(THE RECORDS):

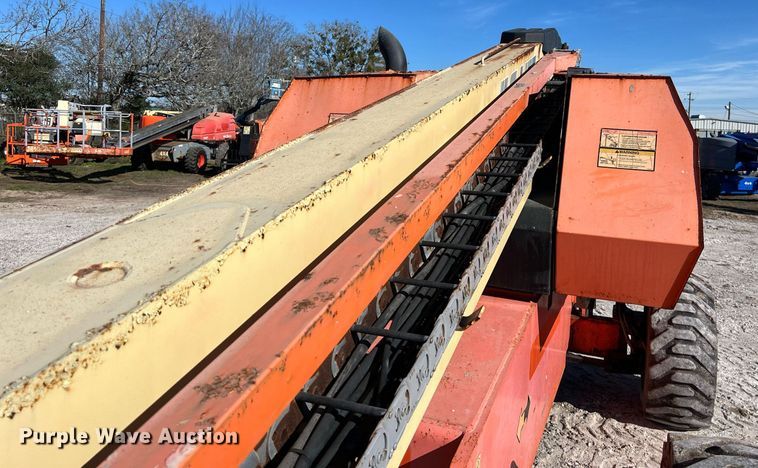 image for item DQ2355 2012 JLG 600S boom lift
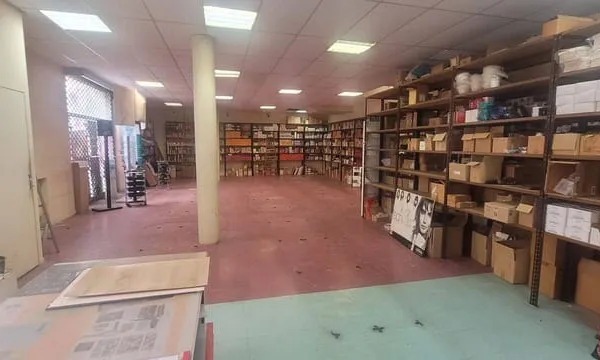 Local professionnel 210 m²
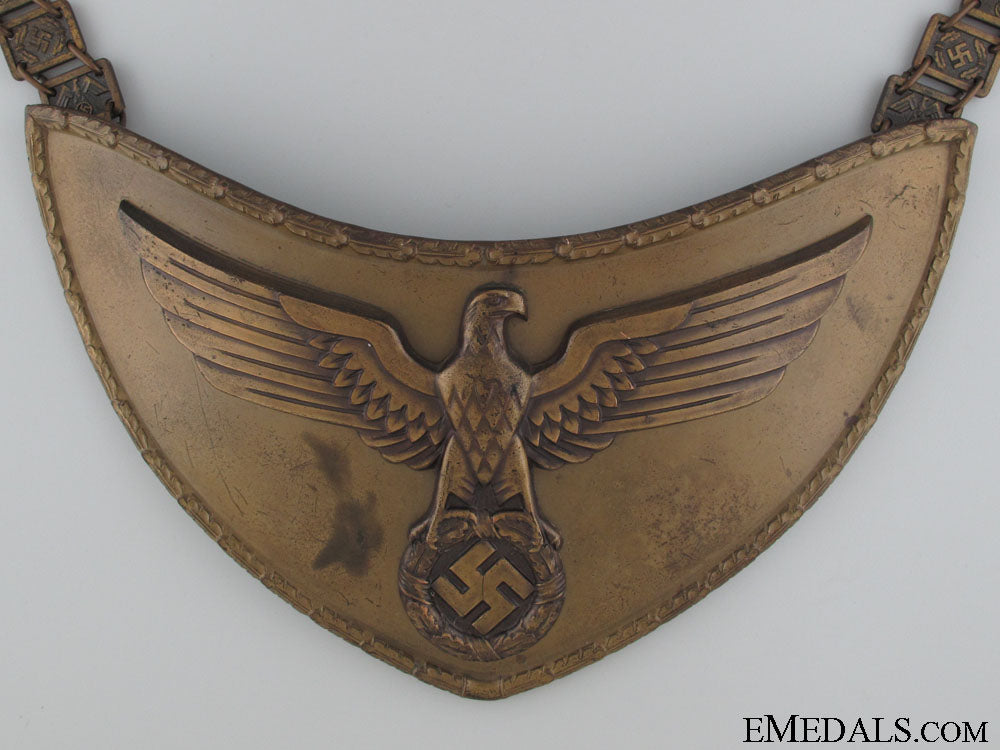 an_sa_political_leader's_gorget_img_0129_copy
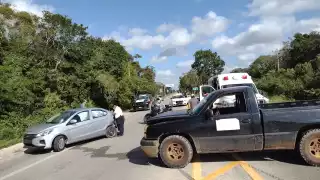 El hombre extranjero que conducía el auto color plateado resultó ileso tras el choque en Carrillo Puerto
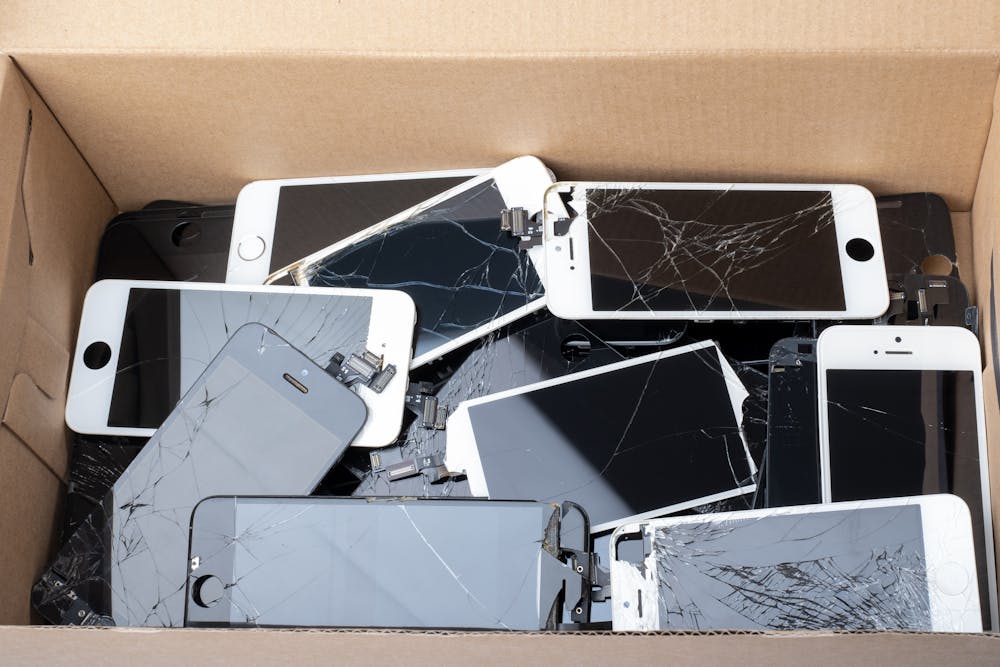 【壊れたiPhone】を安全に処分・廃棄する5つの方法と初期化できない場合の注意点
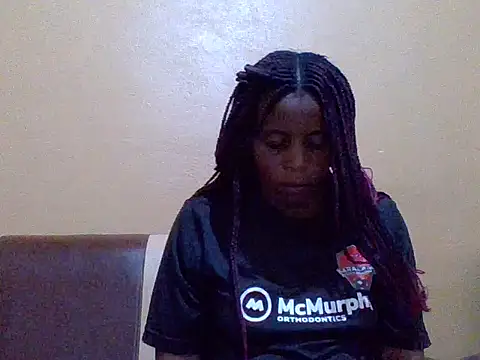 sweetbabra1 online show from 10/17/25, 08:17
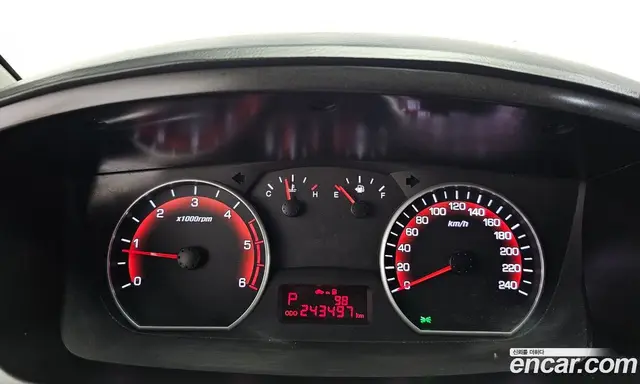SsangYong Korando 2017 2.2 автомат (гидро), миниатюра 8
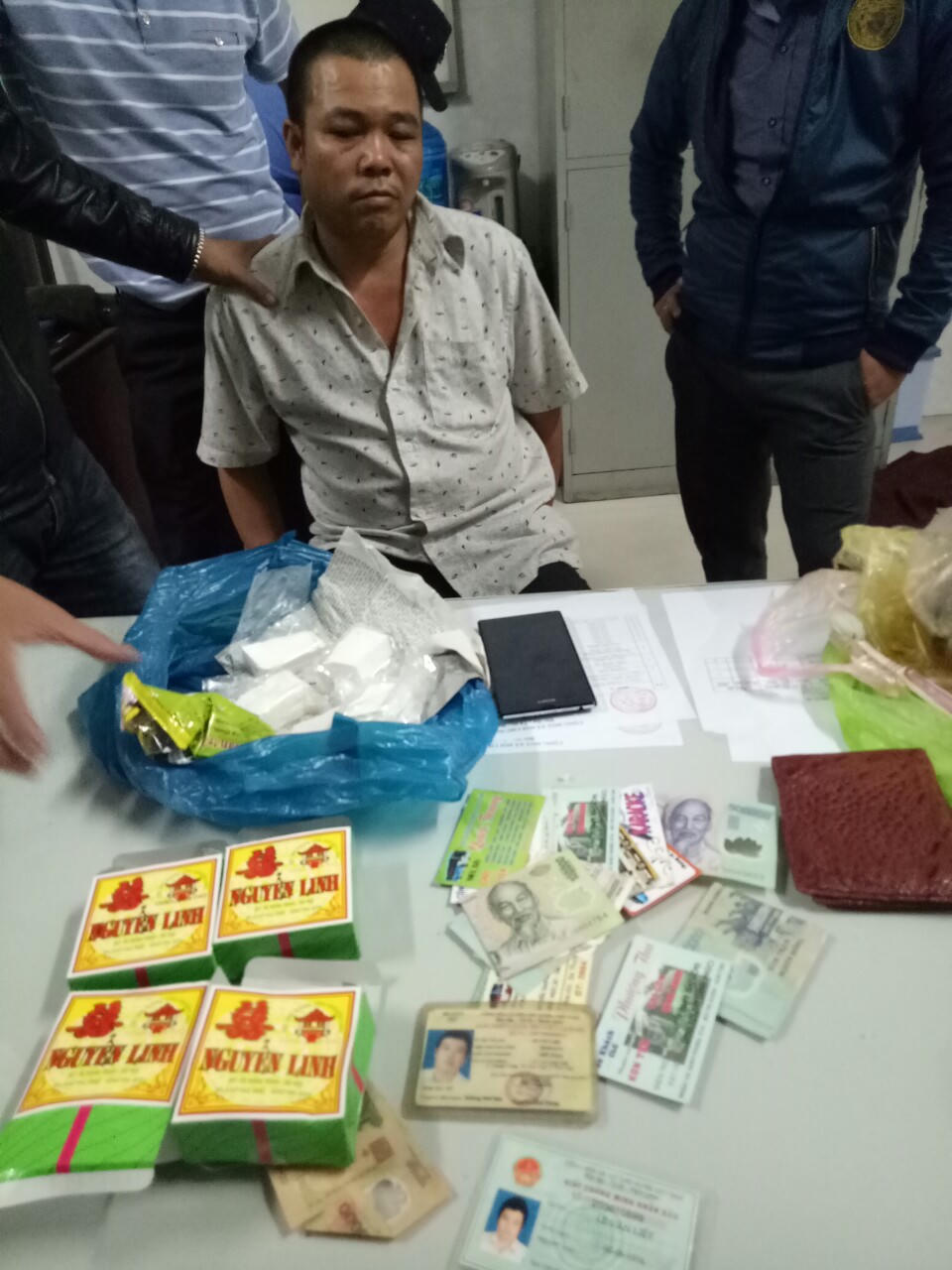 Liên tục bắt các vụ ma túy, vận chuyển hàng lậu dịp Tết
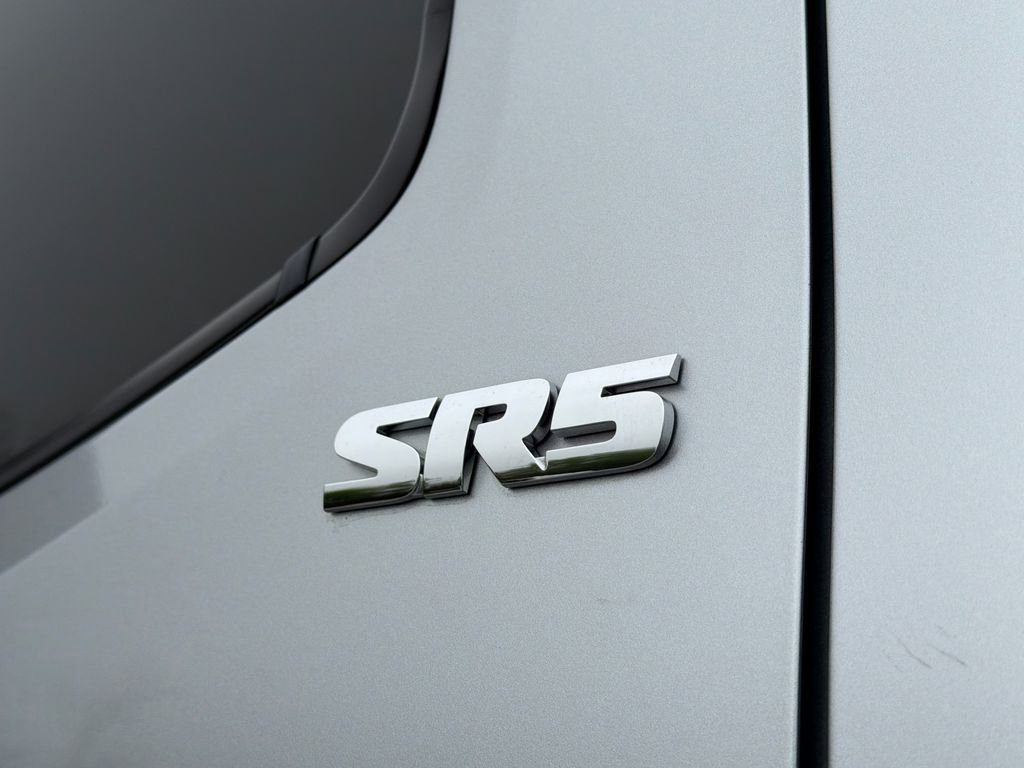 Used 2022 Toyota Tacoma SR5 image 15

(TASK INSTRUCTIONS): Please retype the listing in full, exactly as given, and skip every image.

(RESULT FOR THIS TASK):
 image for item DQ2355 2012 JLG 600S boom lift
 Local professionnel 210 m²
 an_sa_political_leader's_gorget_img_0129_copy
 El hombre extranjero que conducía el auto color plateado resultó ileso tras el choque en Carrillo Puerto
 【壊れたiPhone】を安全に処分・廃棄する5つの方法と初期化できない場合の注意点
 sweetbabra1 online show from 10/17/25, 08:17
SsangYong Korando 2017 2.2 автомат (гидро), миниатюра 8
 Liên tục bắt các vụ ma túy, vận chuyển hàng lậu dịp Tết
 Used 2022 Toyota Tacoma SR5 image 15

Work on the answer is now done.